L’Anm è intervenuta, parlando di delegittimazione delle toghe e chiedendo l’intervento del Csm. Sarebbe necessario?
In condizioni normali sarebbe giusto chiedere e anche aspettarsi che il Csm intervenga, spendendo una parola a tutela dell’istituzione rappresentata dal potere giudiziario, a tutela dell’equilibrio tra poteri e dello stato di diritto. Credo però purtroppo che un intervento non ci sarà, perché il Csm sta attraversando un momento di difficoltà interna.
È un Csm senza voce, quindi?
È un Csm in cui chi potrebbe parlare sembra non avere voce. Non ho sentito nella parte togata e men che meno tra i laici una voce che esprima una opinione autorevole a nome del Consiglio.
La magistratura è sola davanti agli attacchi?
Il Quirinale è intervenuto molte volte a difesa dell’indipendenza e dell’autonomia della magistratura, ma mai in riferimento a casi specifici. Tuttavia, il Colle che è anche presidente del Csm è forse l’unica istituzione che, per prestigio e unanime credibilità, potrebbe dire una parola di ragionevolezza e di richiamo al rispetto reciproco tra giustizia e politica.
La magistratura ha qualche responsabilità rispetto alla situazione?
La magistratura associata ha certamente responsabilità e la vicenda Palamara ha lasciato uno strascico sul piano della credibilità dell’istituzione. Le sue scorie ancora avvelenano l’immagine della magistratura. Però il Csm rimane l’organo che dovrebbe ripristinare l’ordine nei rapporti istituzionali. Criticare un magistrato è legittimo e lo è anche criticare una sentenza, ma quella di questi giorni è una azione preventiva per gettare un’ombra di sospetto sull’intera categoria. È questa genericità che radica la strumentalità dell’iniziativa del centrodestra.
La domanda allora è: quale deve essere la reazione delle toghe?
La magistratura deve continuare a fare il suo lavoro, in modo credibile e in silenzio.

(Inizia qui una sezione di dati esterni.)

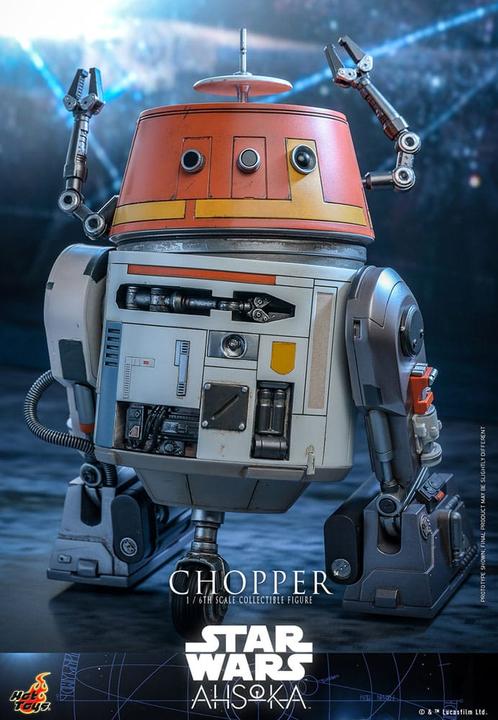Produktbild Hot Toys Star Wars: Ahsoka Actionfigur 1/6 Chopper 18 cm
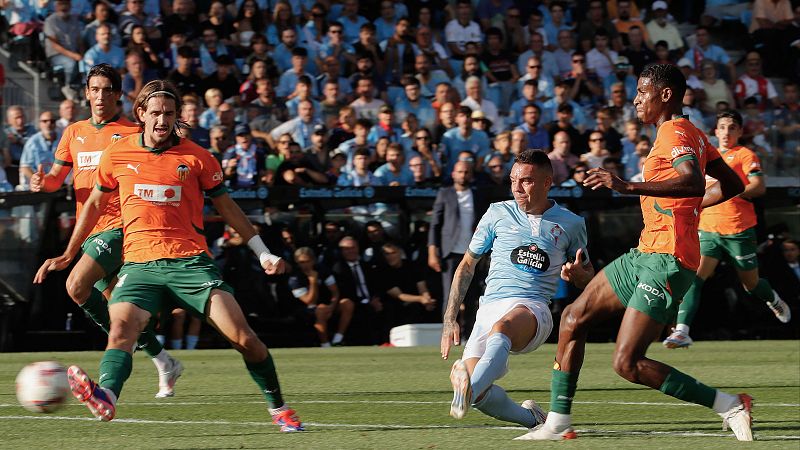 Celta - Valencia CF: resumen del partido, 2ª jornada de Liga | Ver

In questo momento tutti i poteri dello stato vivono una condizione di debolezza e un recupero di autorevolezza passa necessariamente per uno scatto di buona volontà dei singoli.
Penso all’esempio di Giovanni Falcone, che andò al ministero della Giustizia anche incassando forti critiche, ma in virtù di una visione più lungimirante. Lui era convinto che, se non si fosse creato un clima di reciproco rispetto e collaborazione tra politica e magistratura non se ne sarebbe usciti. Questo lui voleva fare, glielo hanno impedito uccidendolo.
Questo clima influisce sul contrasto alle mafie?
Lo rende certamente più difficile, perché il contrasto alle mafie si fonda su tre pilastri: l’antimafia politica, sociale e giudiziaria. Servono tutti e tre, altrimenti il contrasto si indebolisce. Falcone insisteva sul fatto che l’equilibrio tra poteri è essenziale per l’affermazione della legalità e che il potere politico e quello giudiziario devono essere autonomi e indipendenti per essere forti e credibili. Penso ai miei anni da procuratore nazionale antimafia: la collaborazione con la commissione Antimafia di Rosy Bindi fu un’esperienza straordinaria. Dovrebbe essere sempre così.
Ora invece?
Ora purtroppo stiamo assistendo a uno scenario politico che nel suo insieme è screditato e a un governo che reagisce tentando di screditare la magistratura, invece che rispettarla e pretendere rispetto.